Decision Date01 April 2020
Docket NumberAugust Term, 2019,Docket No. 17-944-cv
Citation954 F.3d 529
Parties SONTERRA CAPITAL MASTER FUND LTD., California State Teachers’ Retirement System, Hayman Capital Master Fund, L.P., Japan Macro Opportunities Master Fund, L.P., Plaintiffs-Appellants, v. UBS AG, UBS Securities Japan Co., Ltd., Mizuho Bank, Ltd., Sumitomo Mitsui Trust Bank, Limited, fka the Sumitomo Trust & Banking Co., Ltd., The Norinchukin Bank, Sumitomo Mitsui Banking Corporation, Resona Bank, Ltd., Mizuho Corporate Bank, Ltd., Mizuho Trust & Banking Co., Ltd., The Shoko Chukin Bank, Ltd., Shinkin Central Bank, the Bank of Yokohama, Ltd., Societe Generale S.A., The Royal Bank of Scotland Group plc, The Royal Bank of Scotland plc, RBS Securities Japan Limited, Barclays Bank plc, Barclays Capital Inc., Barclays plc, Cooperatieve Rabobank U.A., Lloyds Banking Group PLC, Lloyds Bank PLC, ICAP plc, ICAP Europe Limited, Tullett Prebon plc, Bank of America Corporation, Bank of America N.A., Societe Generale, RBS Securities Inc., Defendants-Appellees, Citibank, N.A., Citigroup Inc., Citibank Japan Ltd., Citigroup Global Markets Japan, Inc., HSBC Holdings plc, HSBC Bank plc, R.P. Martin Holdings Limited, Martin Brokers (UK) Ltd, Merrill Lynch International, John Does 1–50, National Association, the Bank of Tokyo-Mitsubishi UFJ, Ltd., Mitsubishi UFJ Trust and Banking Corporation, JPMorgan Chase & Co., JPMorgan Chase Bank, N.A., J.P. Morgan Securities plc, Deutsche Bank AG, DB Group Services (UK) Limited, HBOS plc, Defendants.
CourtU.S. Court of Appeals — Second Circuit

Eric F. Citron, Goldstein & Russell, P.C., Baltimore, MD, (Vincent Briganti, Geoffrey M. Horn, Peter D. St. Phillip, Jr., Lee J. Lefkowitz, and Christian Levis, on the brief), Lowey Dannenberg, P.C., White Plains, NY, (Patrick T. Egan, on the brief), Berman Tobacco, Boston, MA, (Joseph J. Tobacco, Jr., on the brief), Berman Tobacco, San Francisco, CA, for Plaintiffs-Appellants.
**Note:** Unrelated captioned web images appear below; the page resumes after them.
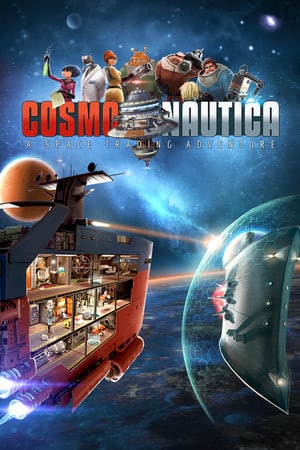 Download Cosmonautica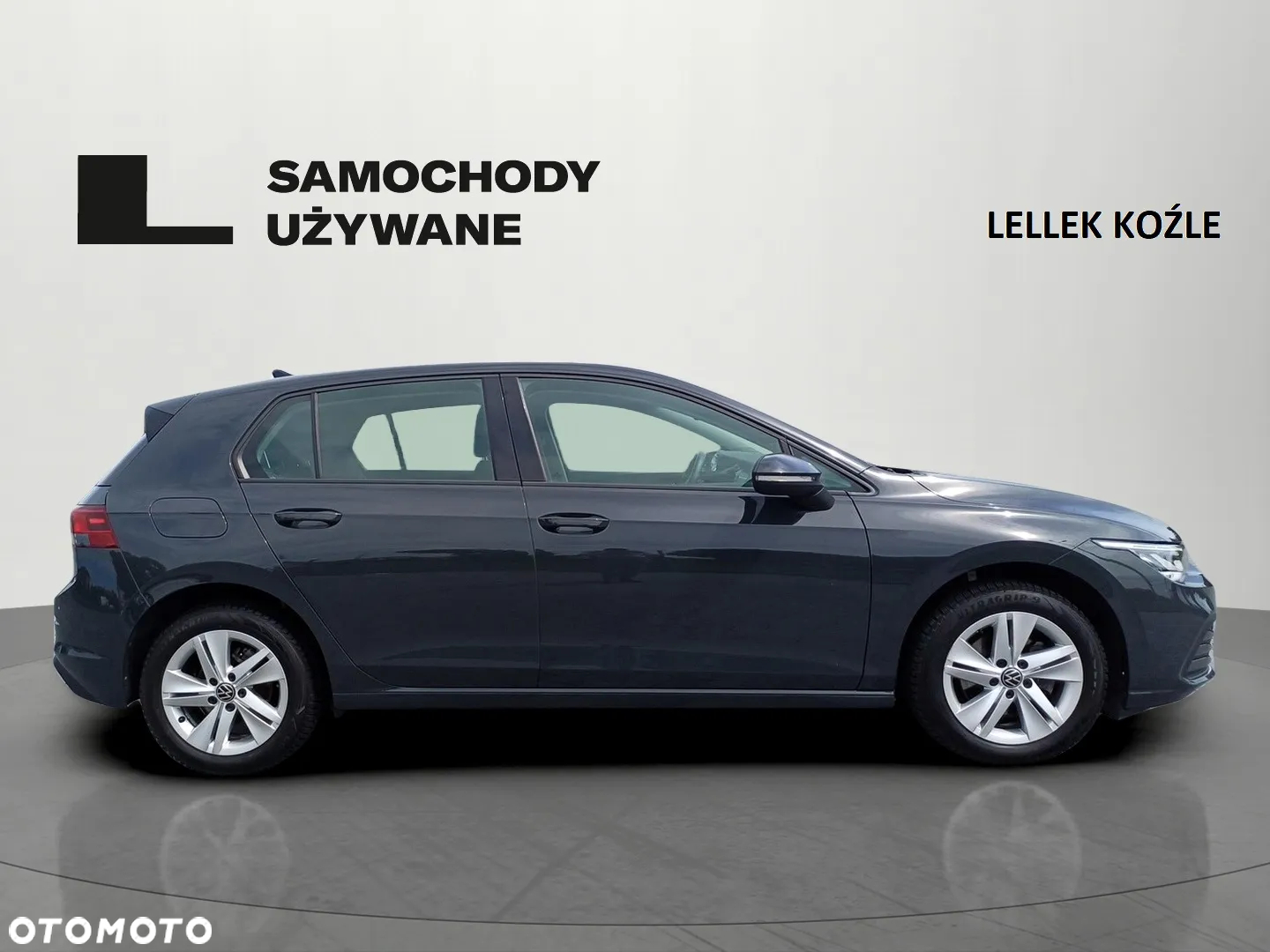 Volkswagen Golf - 6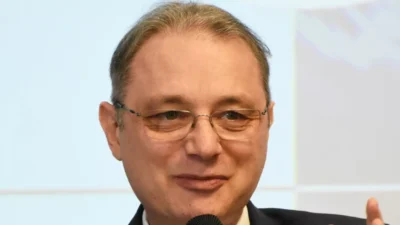 Luca Niculescu vrea guvern hibrid. Iritare puternică în PSD și condiții ferme pentru învestire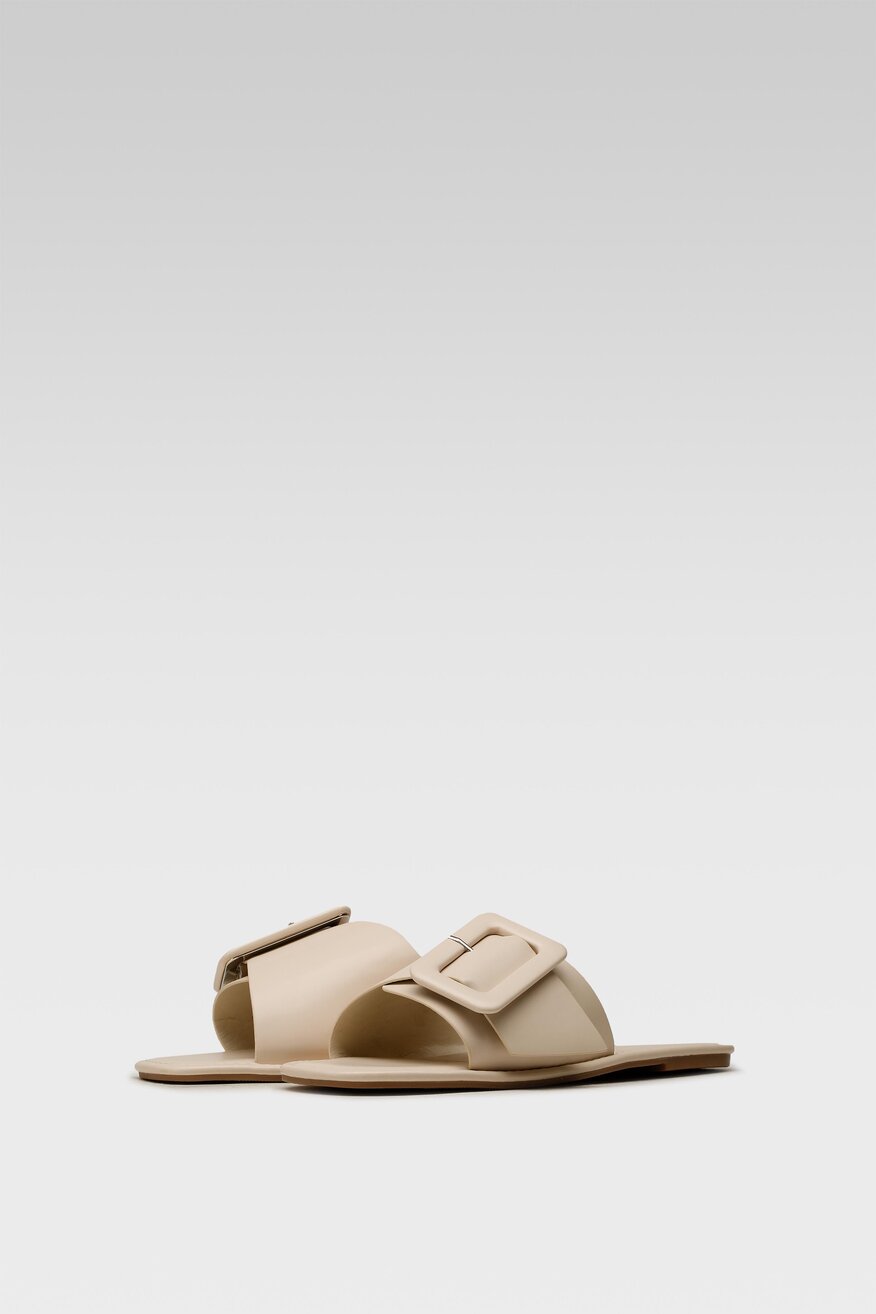 Bassano - Klapki - 5904248273255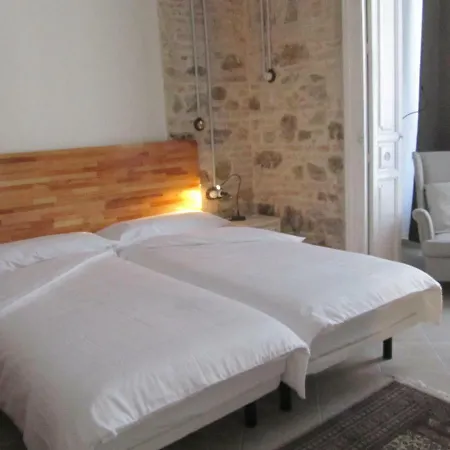Apartamento Amalia *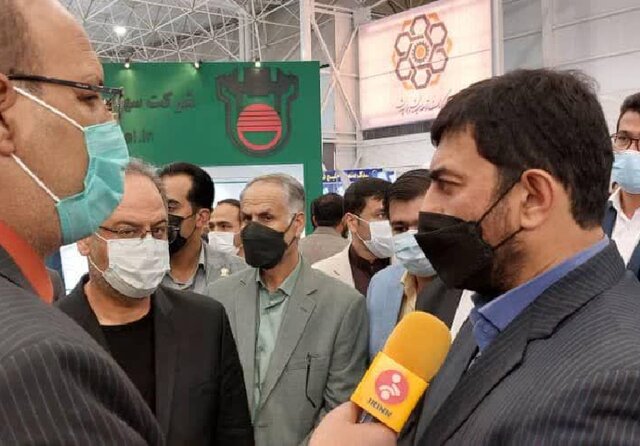 نقش ذوب‌آهن اصفهان در رونق بندر چابهار 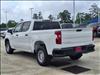 2025 Chevrolet Silverado 1500 Work Truck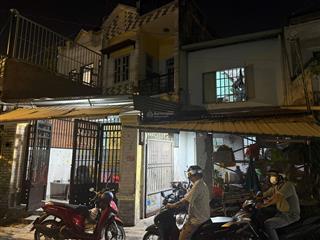 Hiếm  nhà mặt tiền kinh doanh 2 tầng  96m2  shr  ngay trường thpt nguyễn hữu cầu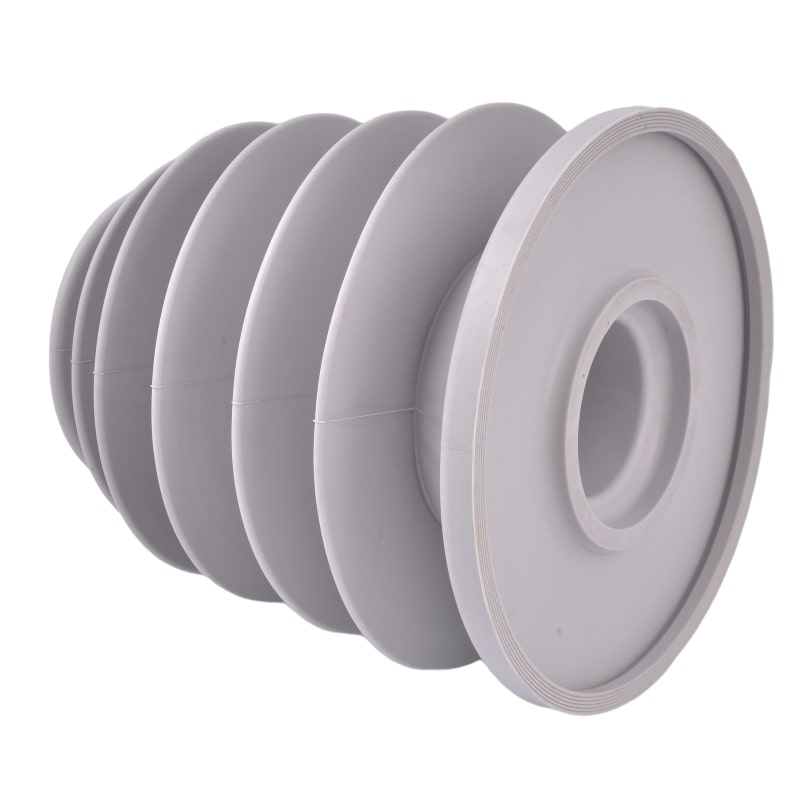 Vỏ bọc cách điện cao su silicon điện côngnghiệp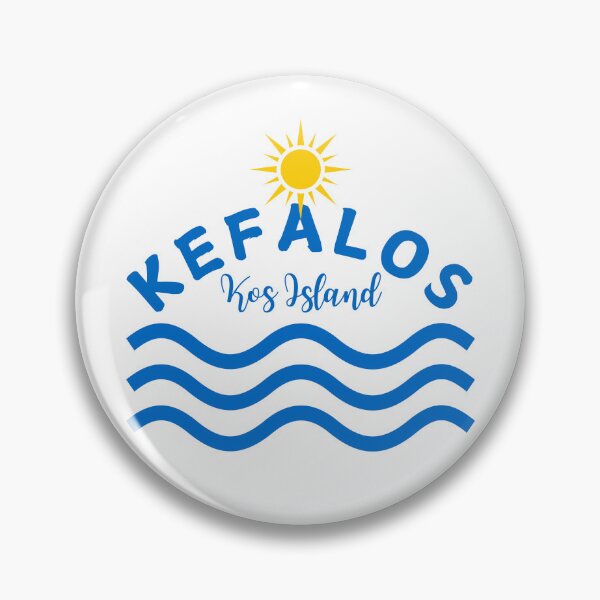 Item preview, KEFALOS Kos Island designed and sold by BL Travel Designs.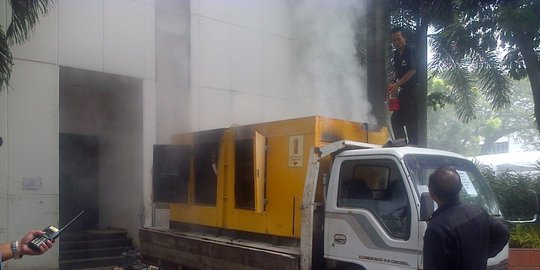 meledaknya genset rev2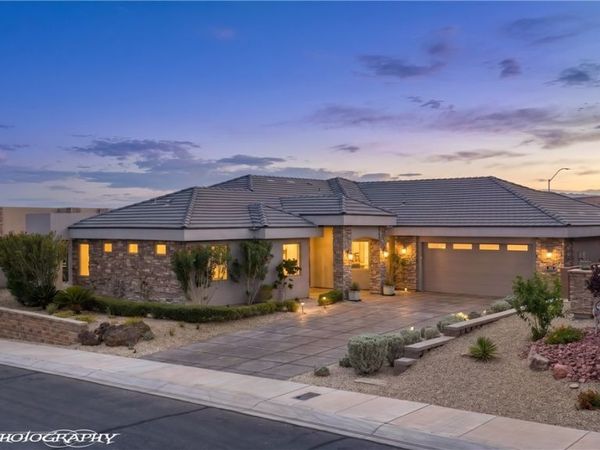 155 Seven Palms Way , Mesquite, NV 89027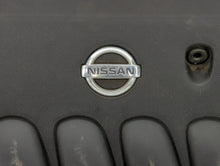 2007 Nissan Versa Engine Cover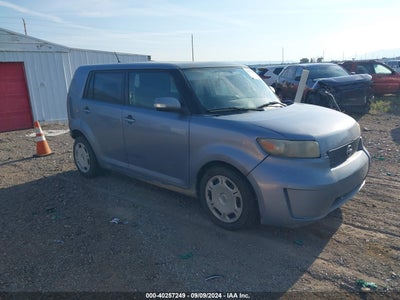 SCION SCION XB 2009
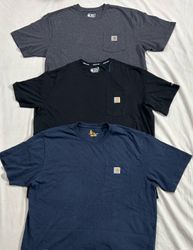 Carhartt T-shirts (918)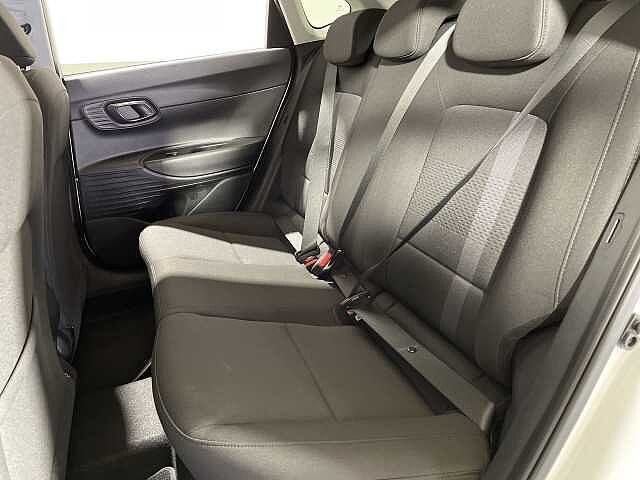 Hyundai i20 1.0T GDi 90 Tech Line 5dr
David Sapir Lesser (Jamie Dycus, on the brief), Wilmer Cutler Pickering Hale and Dorr LLP, New York, NY, Ari Savitzky, Wilmer Cutler Pickering Hale and Dorr LLP, Washington, D.C., for Defendants-Appellees The Royal Bank of Scotland plc, The Royal Bank of Scotland Group plc, RBS Securities Inc., and RBS Securities Japan Limited.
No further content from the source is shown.